§ **TASK OBJECTIVE**
Word for word, restate the lines of the data below between those holding "Fury in Italy" and "Well-lit bathroom features", inclusive; pictures do not belong in the copy.

Start of Block

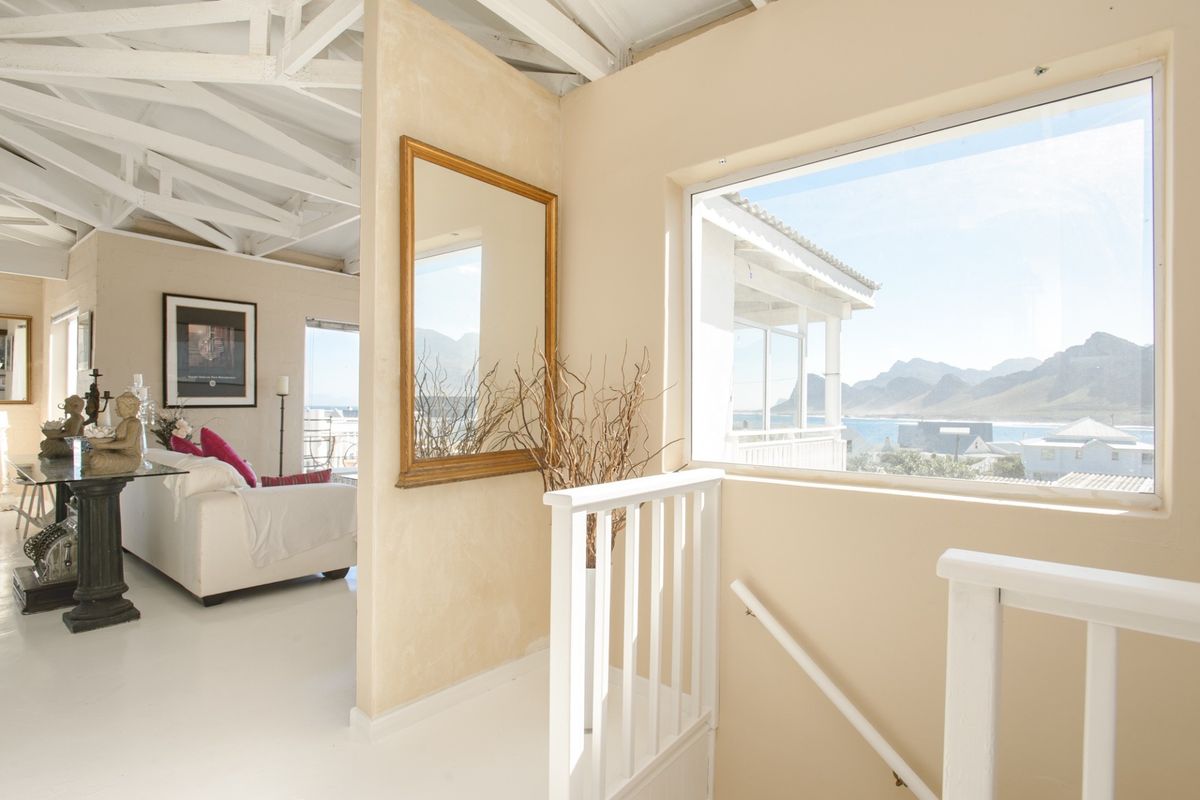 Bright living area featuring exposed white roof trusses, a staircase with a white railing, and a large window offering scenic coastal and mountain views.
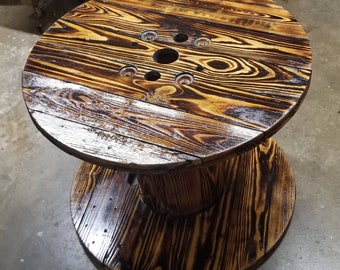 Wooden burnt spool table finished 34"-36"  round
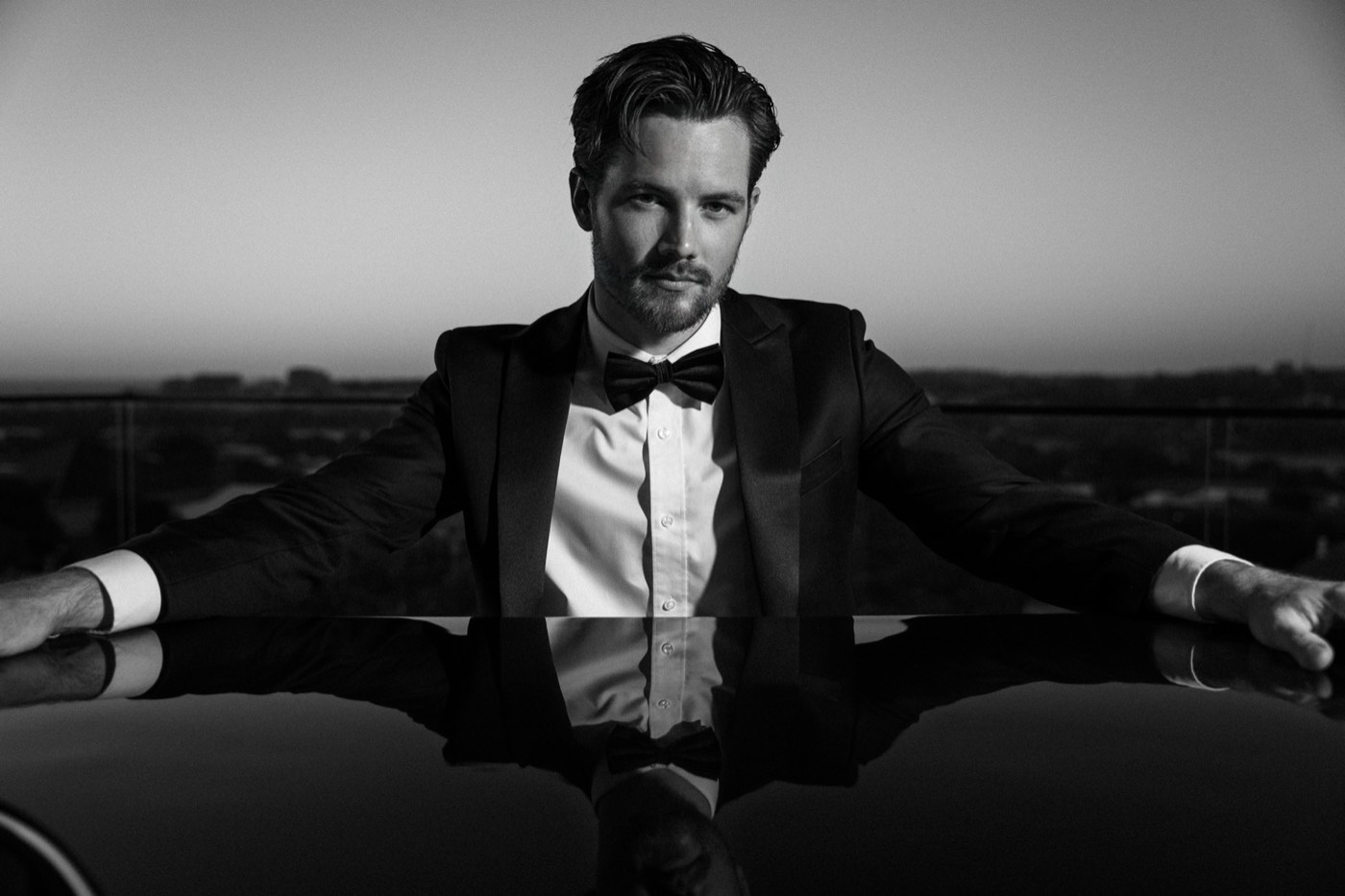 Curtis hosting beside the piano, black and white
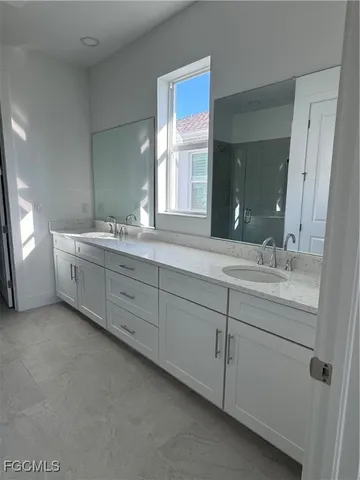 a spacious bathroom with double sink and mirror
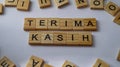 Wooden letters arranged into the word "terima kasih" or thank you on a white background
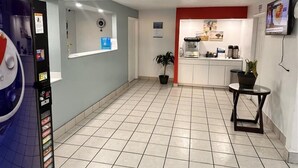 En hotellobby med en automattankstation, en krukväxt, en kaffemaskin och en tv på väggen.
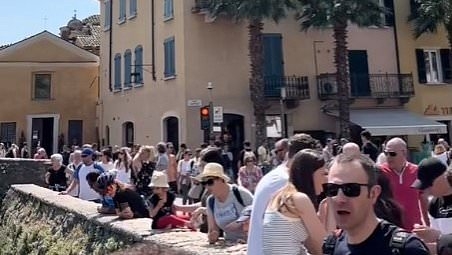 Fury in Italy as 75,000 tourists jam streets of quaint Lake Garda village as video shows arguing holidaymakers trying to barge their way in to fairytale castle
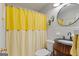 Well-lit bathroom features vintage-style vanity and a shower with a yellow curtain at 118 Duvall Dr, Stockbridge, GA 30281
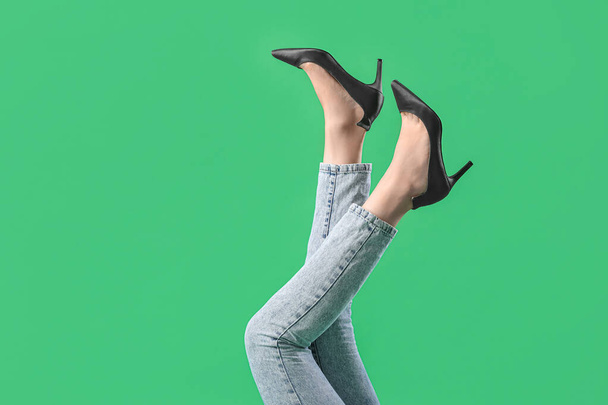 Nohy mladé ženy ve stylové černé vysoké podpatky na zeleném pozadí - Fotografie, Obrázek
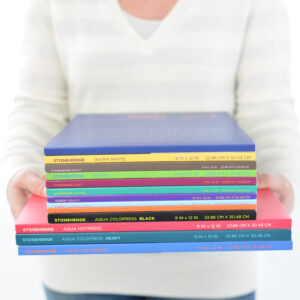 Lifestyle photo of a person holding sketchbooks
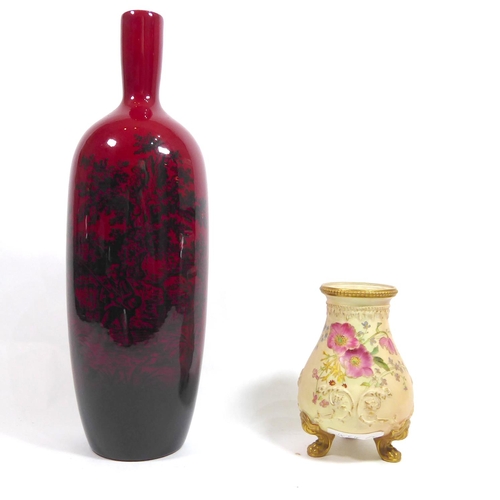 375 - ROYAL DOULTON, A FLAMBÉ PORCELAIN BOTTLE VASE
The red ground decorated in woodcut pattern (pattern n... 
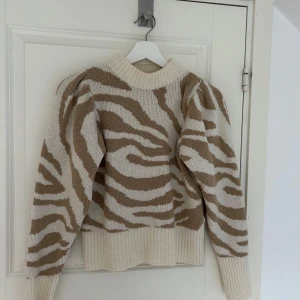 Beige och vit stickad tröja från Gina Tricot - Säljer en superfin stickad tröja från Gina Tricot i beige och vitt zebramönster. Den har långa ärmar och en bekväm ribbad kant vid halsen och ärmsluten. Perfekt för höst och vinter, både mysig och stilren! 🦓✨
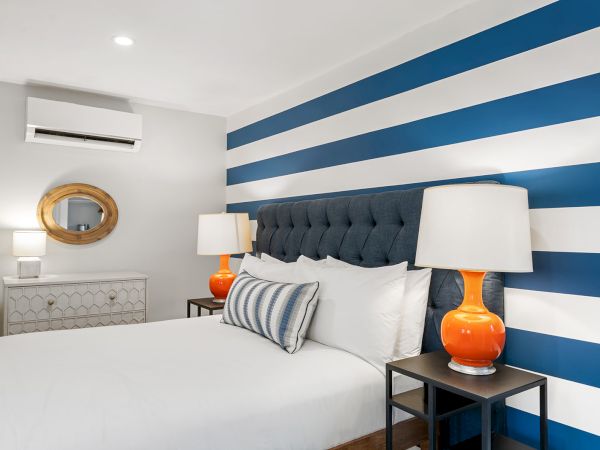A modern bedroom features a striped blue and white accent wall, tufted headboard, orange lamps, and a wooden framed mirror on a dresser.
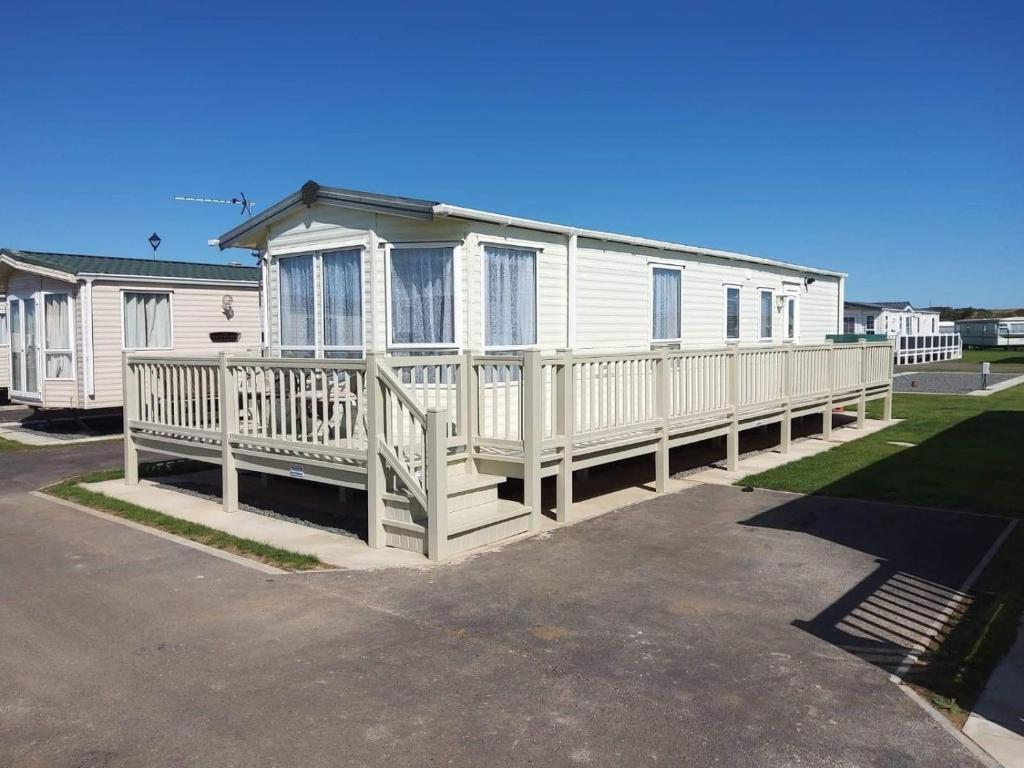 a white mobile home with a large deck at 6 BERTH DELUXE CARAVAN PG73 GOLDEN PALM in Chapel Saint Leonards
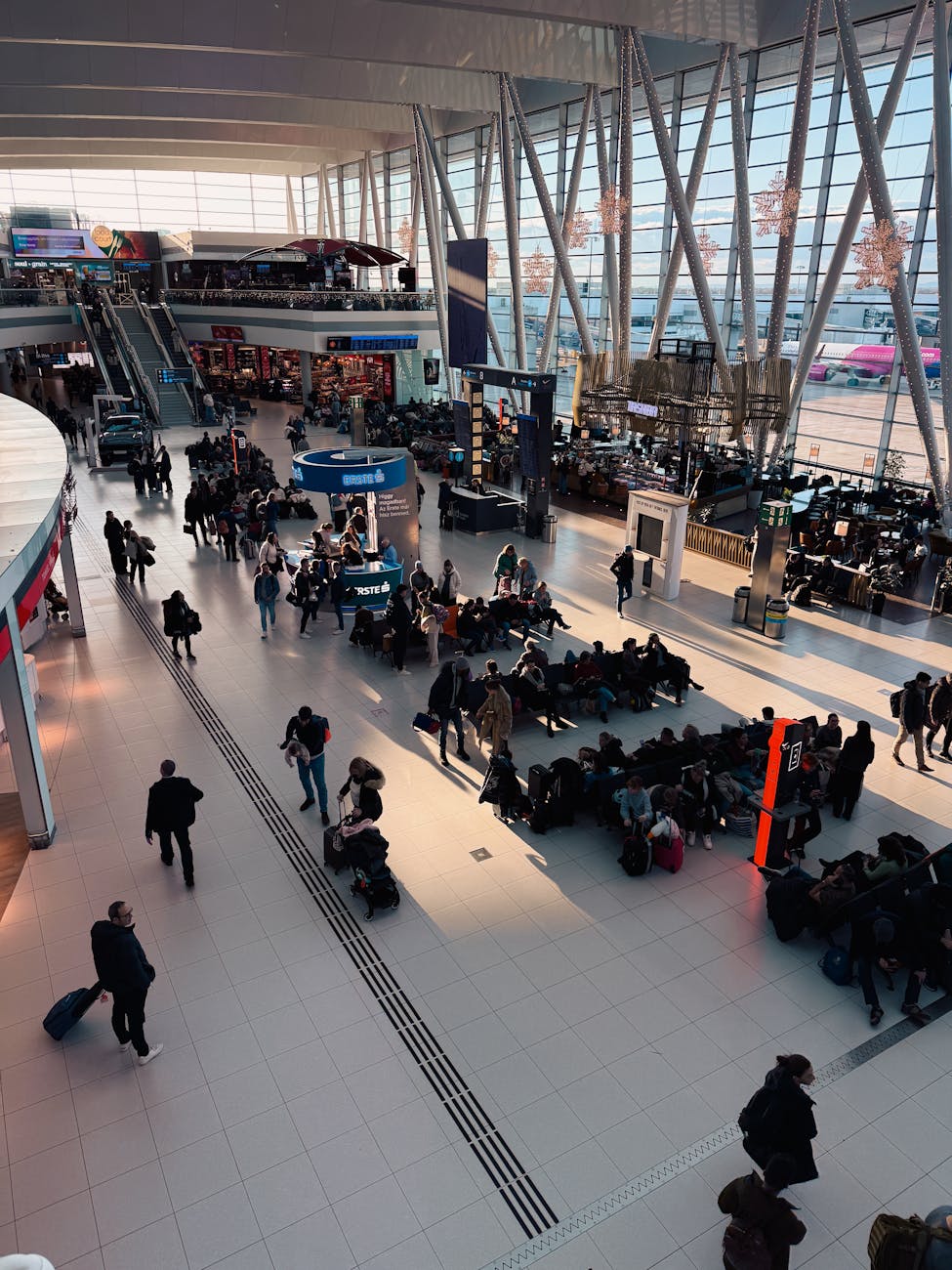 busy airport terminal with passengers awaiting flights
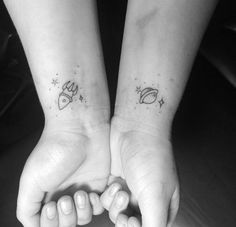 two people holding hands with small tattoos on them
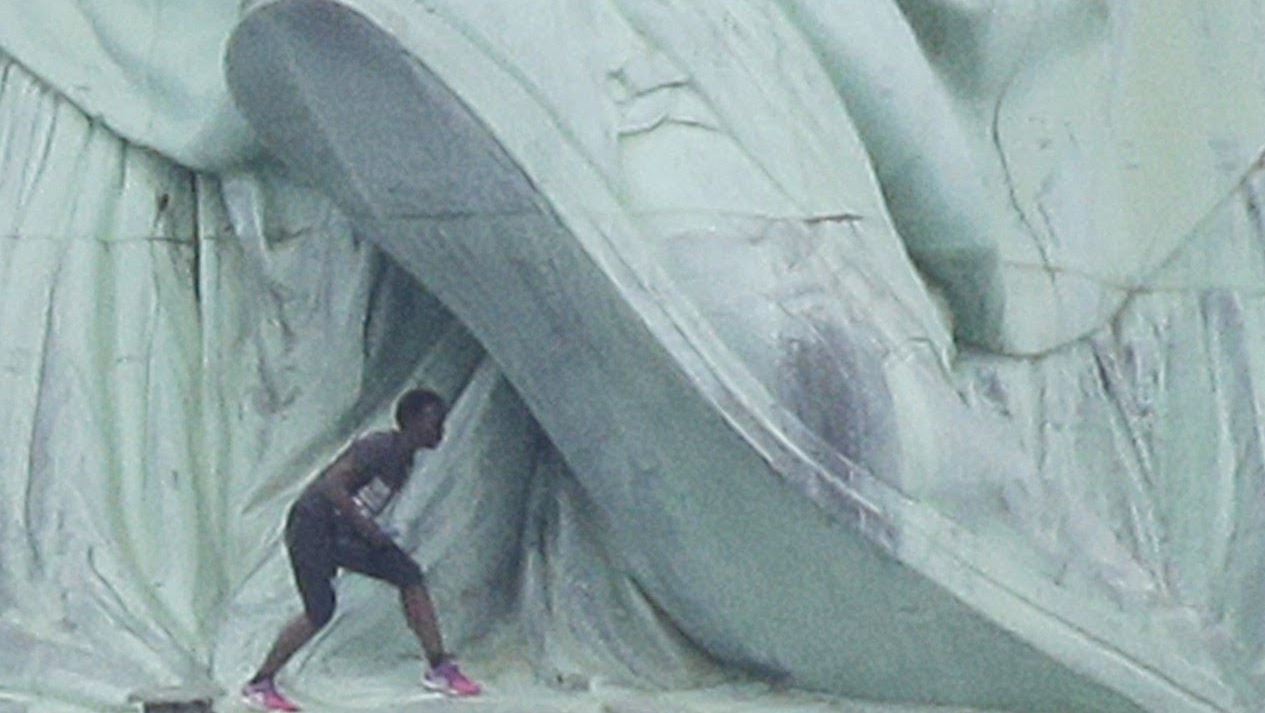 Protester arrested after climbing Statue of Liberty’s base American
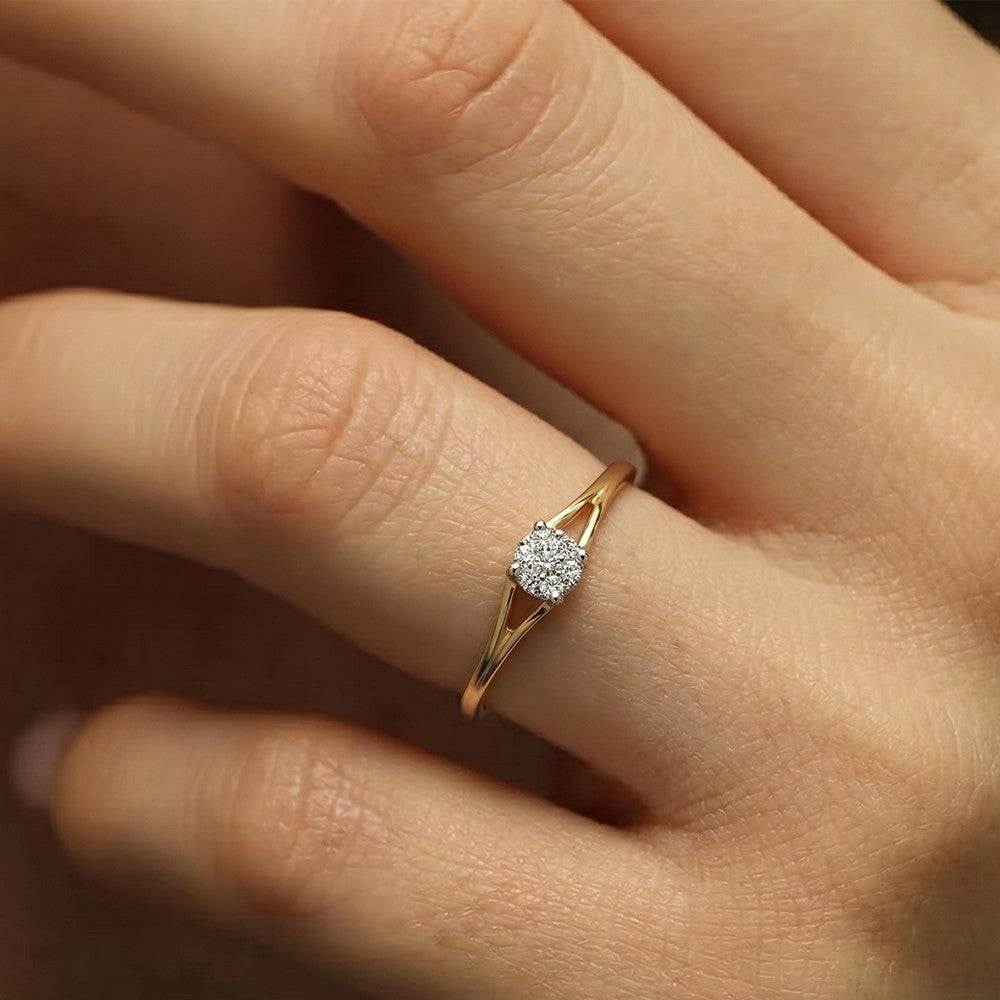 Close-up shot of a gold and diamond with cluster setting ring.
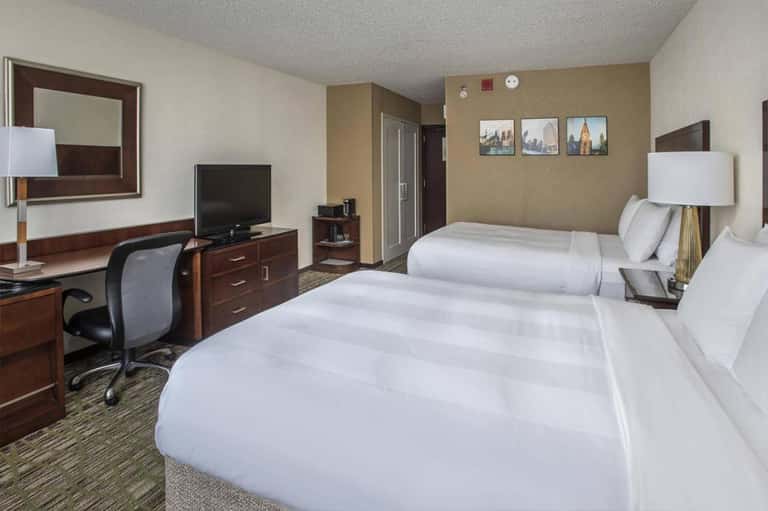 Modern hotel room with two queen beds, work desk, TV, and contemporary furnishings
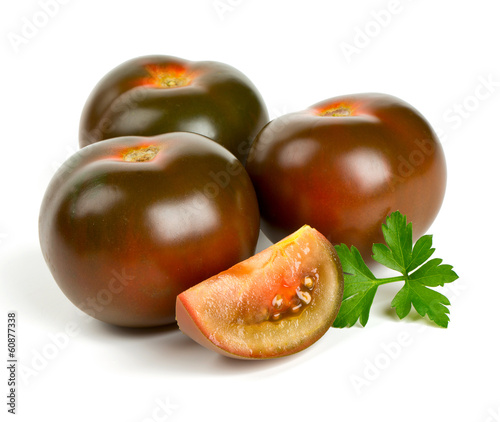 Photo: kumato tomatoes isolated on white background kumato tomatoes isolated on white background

End of Block

§ **REPLY TO THE TASK**
 Fury in Italy as 75,000 tourists jam streets of quaint Lake Garda village as video shows arguing holidaymakers trying to barge their way in to fairytale castle
 Well-lit bathroom features vintage-style vanity and a shower with a yellow curtain at 118 Duvall Dr, Stockbridge, GA 30281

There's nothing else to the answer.